Ici, les frileux ont de toute façon mille prétextes pour se réchauffer. Du midi au soir, les halos dorés des innombrables bars à vin («bacari» et «onotece») happent les passants. Derrière la buée des vitres, ils découvrent les étalages de «cichetti» - des bouchées semblables aux tapas que les Vénitiens avalent au comptoir, en se serrant les coudes.

Dans les pâtisseries, les vitrines regorgent de douceurs traditionnelles. On y boit d'immenses chocolats chauds un peu amers, garnis de crème fouettée, ou encore un vin brûlé aux épices. Dans la microscopique cuisine de la Pasteceria Bucintore, Gino Zanin multiplie les petits pains des doges, couverts de sucre, et enrubanne ses «focaccie veneziane» - une brioche de Pâques qui rivalise de plus en plus avec le panettone.

Musiques hivernales

Dans le secteur San Polo, sur la grande place du même nom, les maisonnettes d'un marché de Noël contrastent de façon saisissante avec les palais érigés entre les IXe et XVIIe siècles. Des jambons énormes pendent de leurs toits. Des dames au petit chien y achètent aussi des rectangles de nougat et des fromages moulés aux quatre coins de l'Italie. Tout près, des familles entières tournicotent sur une patinoire réfrigérée.

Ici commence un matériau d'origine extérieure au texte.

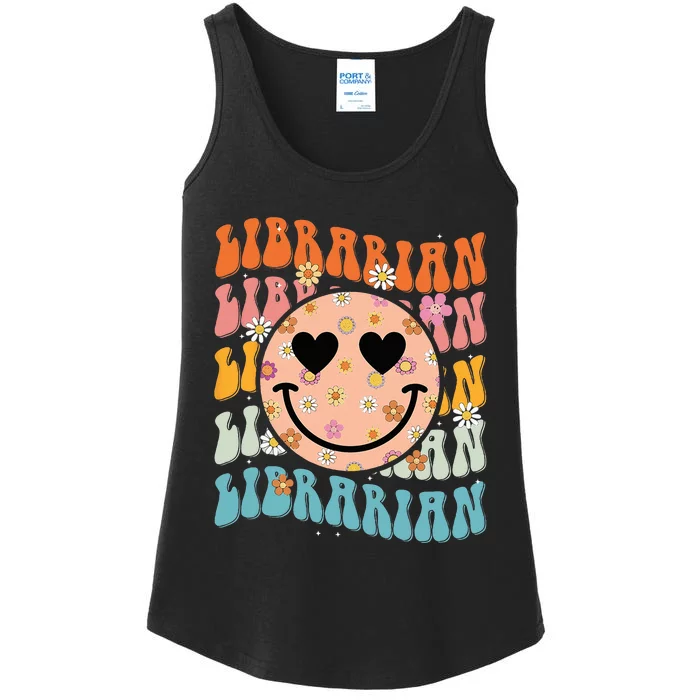 Funny Librarian Groovy Back To School Teachers Day Ladies Essential Tank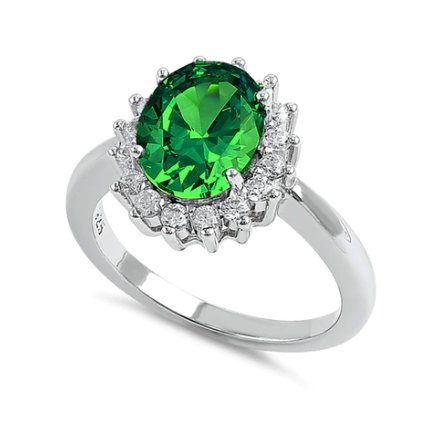 Plata de ley con circonita cúbica verde ovalada.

Partout en ville, des affiches annoncent les concerts des Fêtes. À deux minutes de la place Saint-Marc, un palais gothique du XVe siècle a vu grandir deux doges, plusieurs évêques et un saint. Aujourd'hui, les touristes ravis y suivent des chanteurs d'opéra de pièce en pièce (www.musicapalazzo.com).

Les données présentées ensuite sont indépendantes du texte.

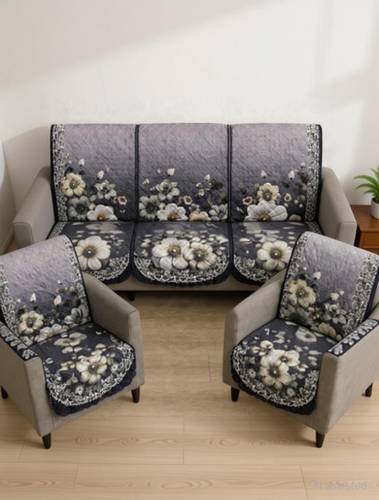 NIMAVE Velvet 3+1+1 Seater Sofa Floral Cover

Ils entrent par une petite cour dotée d'une grille donnant sur le canal. Ils gravissent ensuite un grand escalier de pierre ponctué de chandelles, puis découvrent des salons lourds de miroirs dorés, de lustres, de tentures et de fresques du célèbre peintre Tiepolo.

Il ne faut évidemment pas s'attendre à un spectacle digne de La Fenice (la très célèbre maison d'opéra locale), mais le fait d'être assis à un bras des artistes a quelque chose d'irréel.

Pour une expérience plus authentique, on suivra les Vénitiennes en manteau de fourrure dans des églises grandioses. Le 26 décembre, presque tout Venise se réunit sous les voûtes de briques de l'église dei Frari pour le grand concert traditionnel (et gratuit) de la Saint-Étienne.

Le 24 et le 25, c'est la basilique Saint-Marc qui révèle son acoustique fabuleuse. À la messe de minuit, où l'on doit arriver longtemps d'avance, les prêtres déambulent dans leurs robes brodées, tandis que les chandelles font miroiter les mosaïques. Comme chaque dimanche, des chants emplissent la coquille d'or.

Difficile, même pour un athée, de ne pas frissonner. Et cela n'a soudain rien à voir avec la température.